The thing to realize here is that one of the numbers has to be two, because it is the only even prime. An odd times an odd is an odd.

Answer 2

So first lets realize that we have \(x \in \{2, 3, 5, 7, 11\}\)

Answer 3

@ArkGoLucky need more help?

Answer 4

yes

Answer 5

I thought 1 was prime

Answer 6

I think its that probability of drawing a two plus the probability of drawing a number other than 2 times the probability of drawing a 2 but that would be 1

Answer 7

and that doesn't make sense

Answer 8

1 isn't prime

Answer 9

It's the probability of drawing a 2 and another number in any order.

Answer 10

If 2 is drawn first, an even number is guaranteed

Answer 11

so 1/5

Answer 12

The total number of ways you can draw is: \( 5 \times 4\).
Because you start with \(5\) cards, and in the second drawing you only have \(4\).

Answer 13

@wio replacement of cards is done,

Answer 14

Ah, my bad...

Then it is \(5 \times 5\).

Answer 15

P(2) = 1/11
P(2,3,5,7,11) = 5/11

net probab = product of both..

Answer 16

this will be mutiplied by 2 since 2 can also be drawn in the second attempt..

Answer 17

The number of ways to draw a \(2\) first is: \(1 \times 5\)
The number of ways to draw a \(2\) second is: \(1 \times 5\)
The number of ways to draw a \(2\) first and second is: \(1 \times 1\)
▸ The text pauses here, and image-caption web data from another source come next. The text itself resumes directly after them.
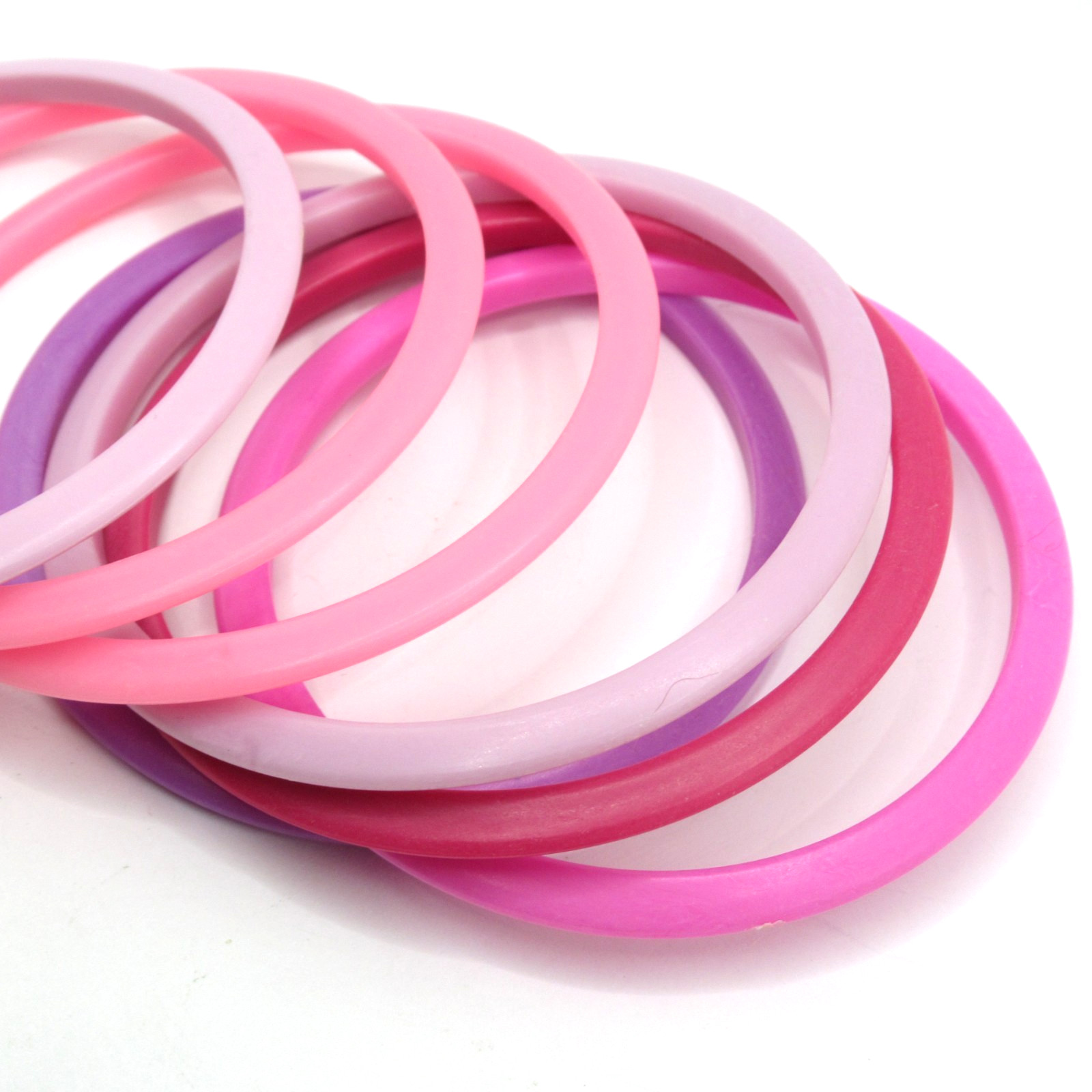 Lot of Seven Thin Plastic Bangle Bracelets Pinks Purples Plums Shades Vintage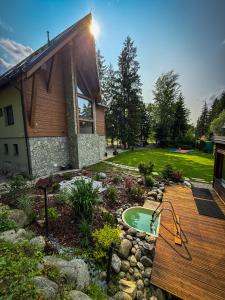 a backyard with a swimming pool and a wooden deck at Chalet Vista Biohacking & Jacuzzi Recovery Chalet in Belá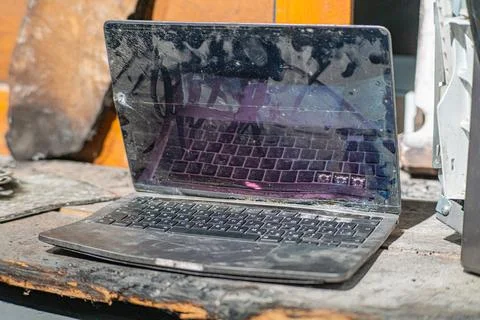 Laptop with a broken screen in cracks on a gray background close up front vie Stock Photos
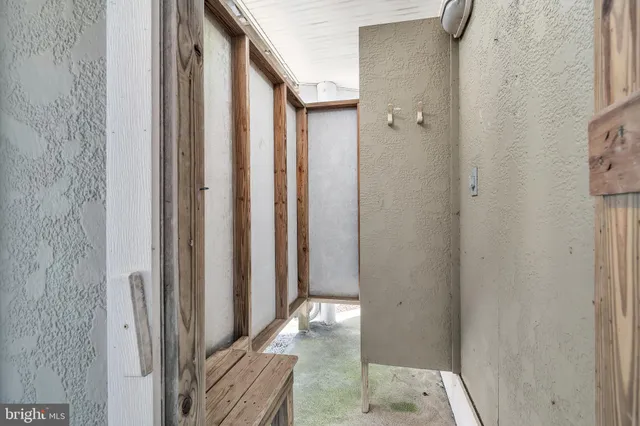 a front view of a house with a yard and outdoor seating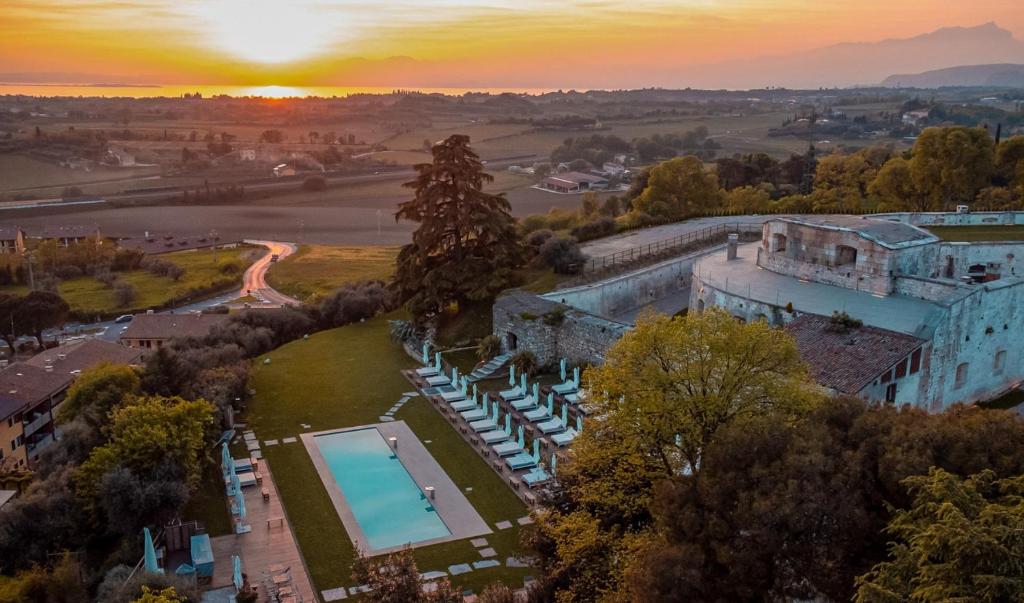 an aerial view of a castle with a swimming pool at Relais Forte Benedek Wine & SPA - Adults Only in Pastrengo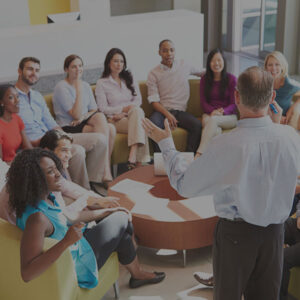 Man talking to a group of coworkers in a team meeting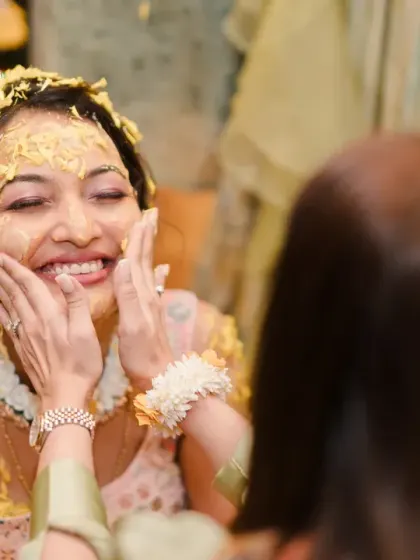 The bride's face is lovingly smeared with haldi by her friends and family. Her joyful expression shows she's enjoying every moment of the playful ritual.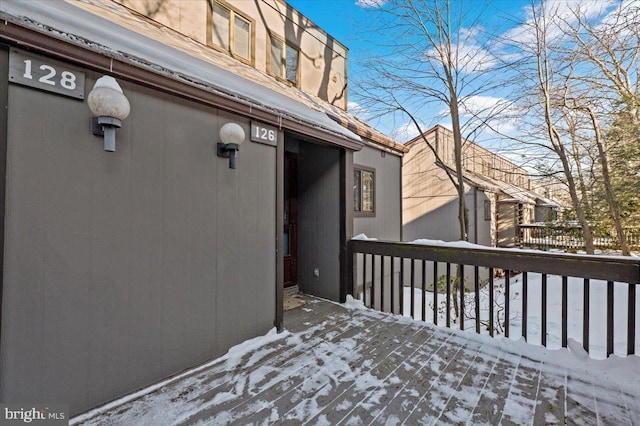 view of snow covered deck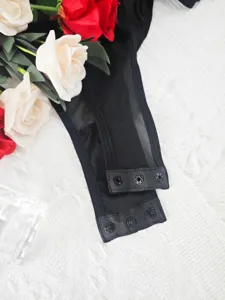 Black mesh bodysuit crotch detail, sheer fabric with convenient metal snap buttons.
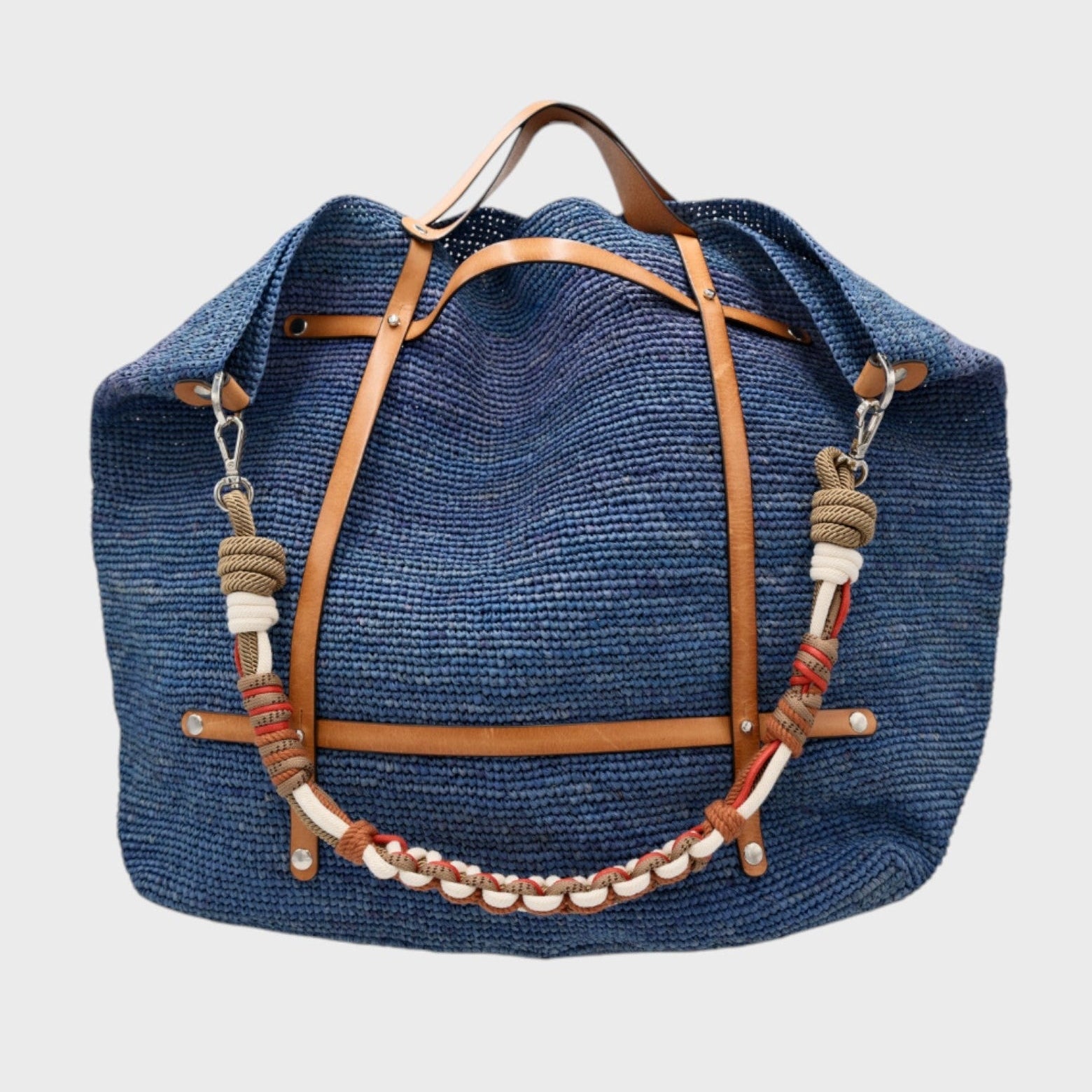 Blue raffia weekend or duffel bag with cognac leather harness and a colourful shoulder strap in white, red and brown.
We want to subtract the third one from the first two to avoid double counting.

Answer 18

ohh yes,, maybe i double counted a case,,please confirm..

Answer 19

So there are \[
1\times 5 + 1 \times 5 - 1 \times 1 = 5 + 5 - 1 = 9
\]

Answer 20

We get \(9\) ways to draw \(2\) at least once.
We have \(25\) total ways to draw.

So our probability is \(9/25\), unless I am mistaken.

Answer 21

why is it 1*5

Answer 22

It is \(1 \times 5\) because on our first draw, we have \(1\) way of drawing 2, on our second draw, we have \(5\) ways of drawing since anything we draw will be fine.
We multiply them because it's happening in series.

Answer 23

okay I kind of understand. Is there another way to solve this?

Answer 24

Usually there are many ways of solving things in probability.

Answer 25

For example, you can try to the number of ways to NOT draw 2, then go from there.

Answer 26

The number of ways to NOT draw 2 is: \(4\times 4 = 16\).
So the probability of NOT drawing 2 is \(16/25\).
We can then subtract this from 1 to find the ways to draw 2 ATLEAST ONCE.
\[
1 - 16/25 = 25/25 - 16/25 = 9/25
\]

Answer 27

okay that helps. thanks

Answer 28

You need to figure out how many ways you can pick at least one 2 vs total number of ways of picking the two cards.

How many different outcomes are there?
You can pick the first card in 5 ways, and you can pick the second card in 5 ways, so 5 x 5 = 25, and the total number of outcomes is 25.

How many ways can you pick at least one 2?
On first card:
If in your first card pick you pick a 2, there are 5 cards you can pick as second. This is 5 ways of picking a 2 as first card.
On second card:
Then if the first card is not a 2, there is only one way of picking a 2 in the second card. But since there are 4 ways you can have a card other than 2 as the first pick., there are 4 ways you can have no 2 as first card but a two as second card. This adds 4 outcomes with a 2 as second card.
5 outcomes (2 as first card) + 4 outcomes (2 as second card) = 9

Probability of even number = 9/25